Given records -
*** Block opens ***

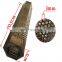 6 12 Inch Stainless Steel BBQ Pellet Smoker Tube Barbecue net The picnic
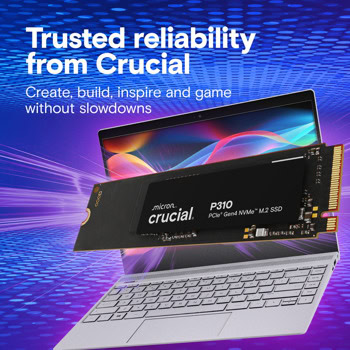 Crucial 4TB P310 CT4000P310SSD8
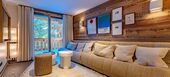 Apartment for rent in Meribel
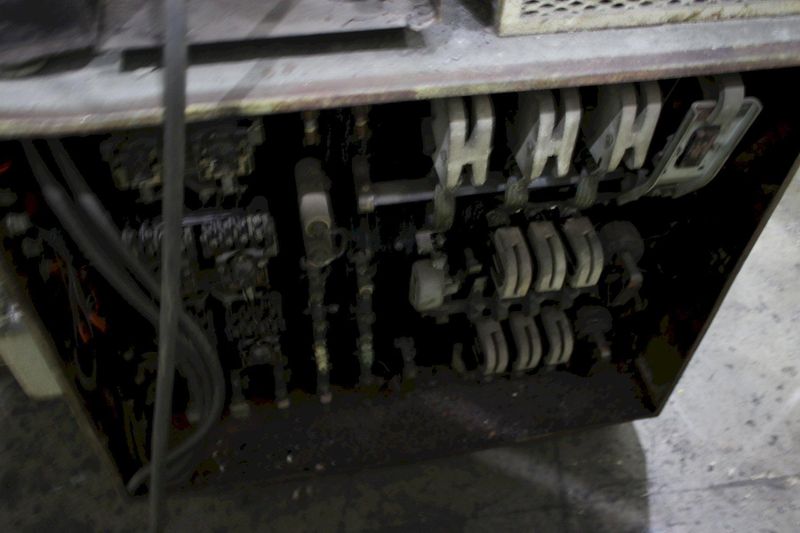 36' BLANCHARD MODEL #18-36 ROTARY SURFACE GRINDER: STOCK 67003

*** Block closes ***
*** Block opens ***

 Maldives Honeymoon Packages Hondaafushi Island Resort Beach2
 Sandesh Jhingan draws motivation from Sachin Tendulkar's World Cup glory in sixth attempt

*** Block closes ***
*** Block opens ***

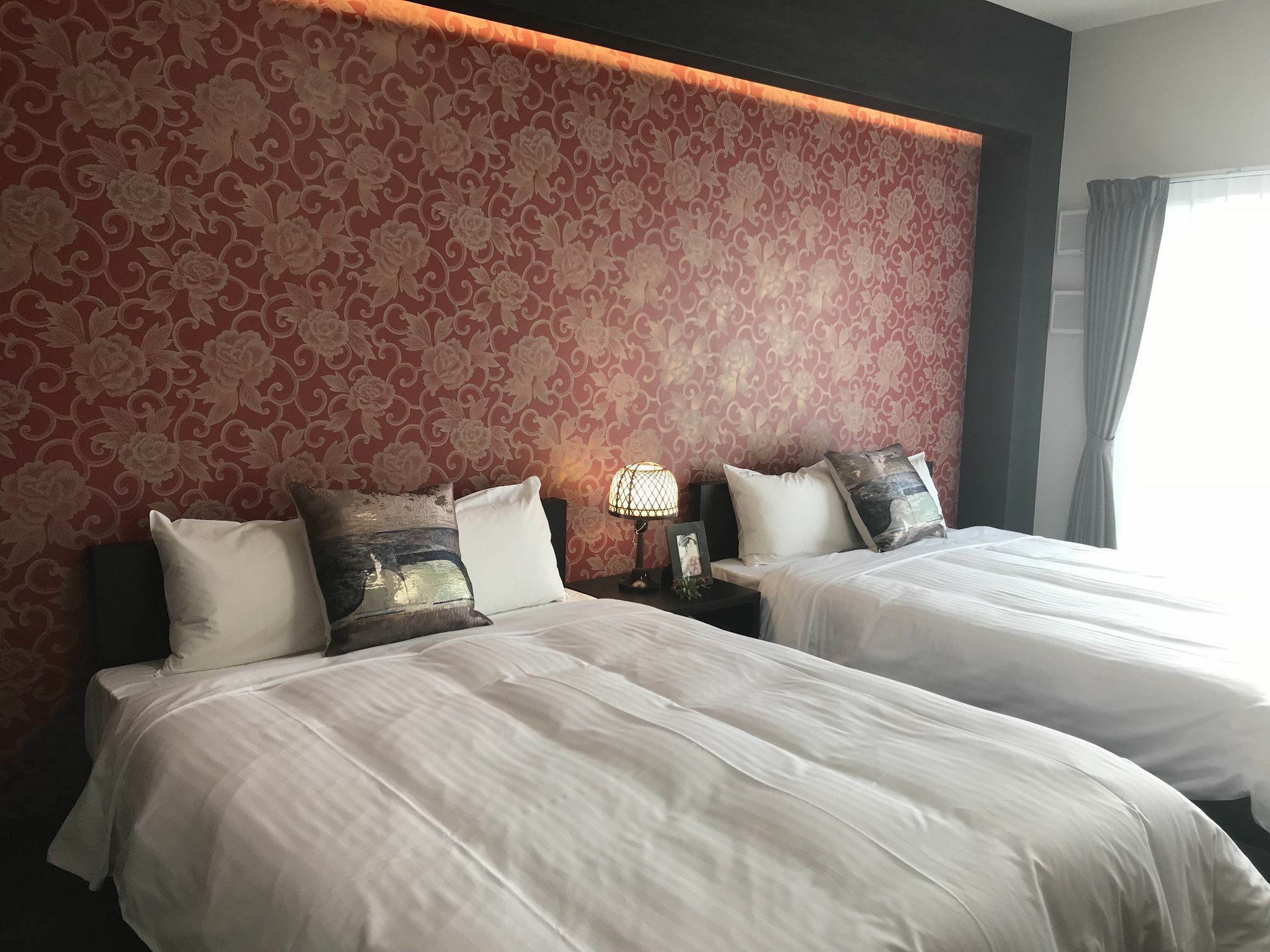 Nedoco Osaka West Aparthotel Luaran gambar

*** Block closes ***

Assignment -
The response should be the listing above, limited to the lines between the one holding "Maldives Honeymoon Packages" and the one holding "Sandesh Jhingan draws", inclusive, reproduced exactly.

Exercise output -
 Maldives Honeymoon Packages Hondaafushi Island Resort Beach2
 Sandesh Jhingan draws motivation from Sachin Tendulkar's World Cup glory in sixth attempt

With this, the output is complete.